Ed’s Casual Friday: 5 to 1 Book Reviews

Once again I return lazily back to the review well, as opposed to actually thinking of a new idea for Ed’s Casual Friday. What can I tell you, I’ve got writing to do this week, and writers always seem to love/hate reading these things. 😉

For something slightly different, instead of just unearthing one-star chestnuts on “great” works, I’m going more economic. What follows is a list of the ten bestselling books of the decade 2000-2010 which I found on-line (at about(dot)com) – I am not claiming it is entirely accurate, but these titles “feel” about right for the period, and each author only appears once (I didn’t want the list to be all Rowling/Meyer books). Accompanying each listed book are excerpts from two reviews from the fine readers at Goodreads, one from a five-star and the other a one-star. As always, my intention in doing thusly is, as ever, only to point out that for every book every written, somebody is going to hate it.
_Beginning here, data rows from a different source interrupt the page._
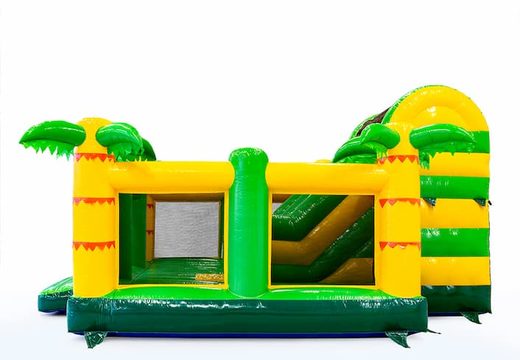 Achetez un château gonflable XXL slidebox sur le thème de la jungle avec un toboggan pour les enfants. Achetez des super châteaux gonflables en ligne chez JB Gonflables France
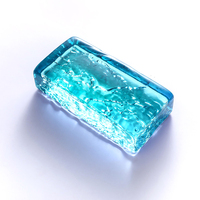 Blocs de briques de verre de construction teintés bleus brique de verre de coulée texturée en cristal de glace brique de verre thermofusible décorative classée au feu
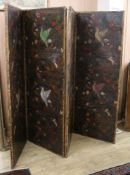 A painted leather four fold screen W.236cm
And somebody, or a whole lot of somebodies, may well love it, too.


10. Dead Until Dark by Charlaine Harris

“Sookie is a great protagonist, lively, fiesty, quirky and strong without being stubborn and bitchy, and her telepathy makes her especially interesting. She’s definitely one of the better heroines of vampire novels I’ve come across to date.”

“It is hard to say what I disliked more about this book – the sophomoric writing, or the annoying, vapid, 2-d, Harlequin-romance-heroine-helpless-twit persona of Sookie Stackhouse.”

9. The Shack by William P. Young

“This book has the power to make all human artifice utterly fall away… to make the traffic out the window, the people in conversation next to you, the very coffee mug you hold in your hand, all seem infinitely unreal, while leaving you alone in the very presence of God.”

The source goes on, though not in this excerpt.